Les transports publics de Berlin (BVG) ont annoncé vendredi après-midi qu’ils mettaient fin à la campagne publicitaire du magazine « Nius ». Cette décision fait suite à la publication d’un visuel publicitaire sur les réseaux sociaux par le rédacteur en chef Julian Reichelt, « qui donne l’impression qu’il est affiché dans le métro berlinois et qui, du point de vue de la BVG et selon l’évaluation juridique, dépasse les limites de la liberté d’expression et de publicité autorisée ».
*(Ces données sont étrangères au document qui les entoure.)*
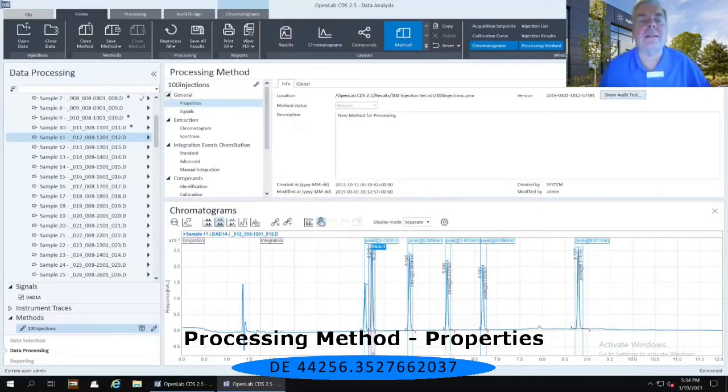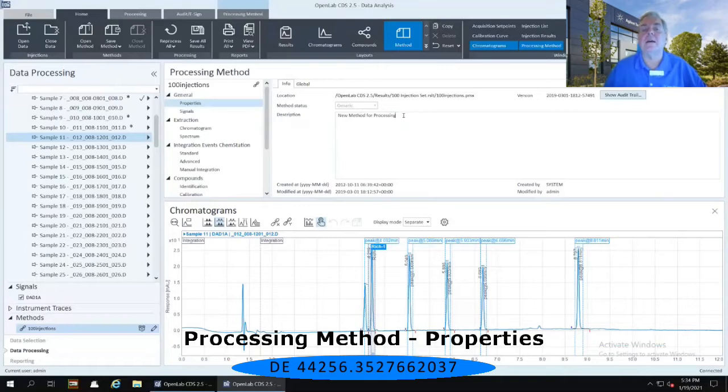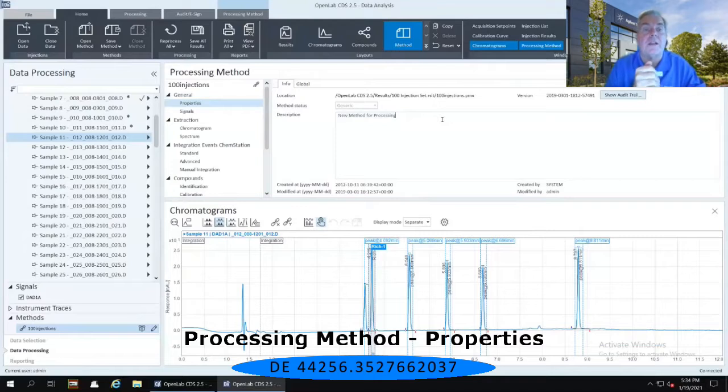Well, the first tab of the properties is an information tab. So we can type in some additional information about this 100 injection method.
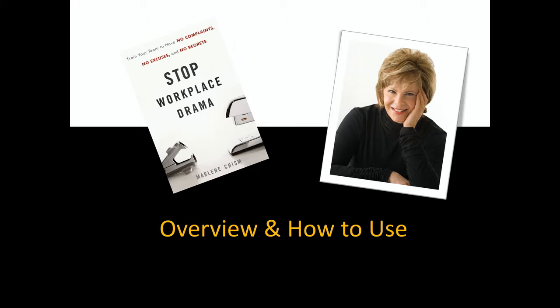Welcome to the Stop Workplace Drama 8 Steps of Empowerment Learning System. I'm Marlene Chisholm, the author of Stop Workplace Drama and the developer of this training system. I travel around the country offering this training for associations, small businesses, and corporations.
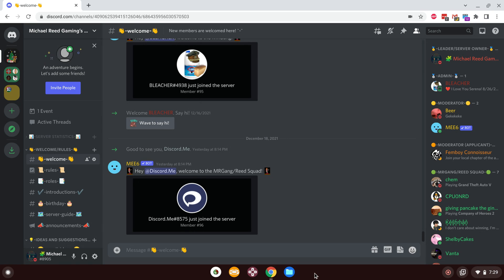With that being said, this video took way longer than I wanted it to, but please come join us for Christmas, guys. Please do. I will see you guys on Christmas Eve. Happy Holidays, everybody, and have a good one.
« Nius » avait auparavant fait de la publicité sur un bus berlinois avec le slogan « Le matin, dès 6 heures, savoir déjà ce qui sera caché le soir à 20 heures ». Cette opération publicitaire d’un média perçu comme hostile aux personnes queer, lancée au tout début du mois des Pride, avait été fortement critiquée par le commissaire queer de Berlin, Alfonso Pantisano (E-llico.com en avait rendu compte). L’homme politique du SPD avait appelé les transports à mettre fin à la campagne, ou alors à ne pas participer comme prévu au CSD.
Quelques heures après les critiques de Pantisano, la BVG a communiqué sa décision. La raison évoquée : « Le 3 juin, un responsable de NIUS a publié sur les réseaux sociaux un nouveau visuel qui, selon la BVG, est manifestement illégal. Par ailleurs, la conception donne l’impression que ce visuel fait partie de la campagne publicitaire réservée par la BVG et serait diffusé sur les espaces de la BVG. »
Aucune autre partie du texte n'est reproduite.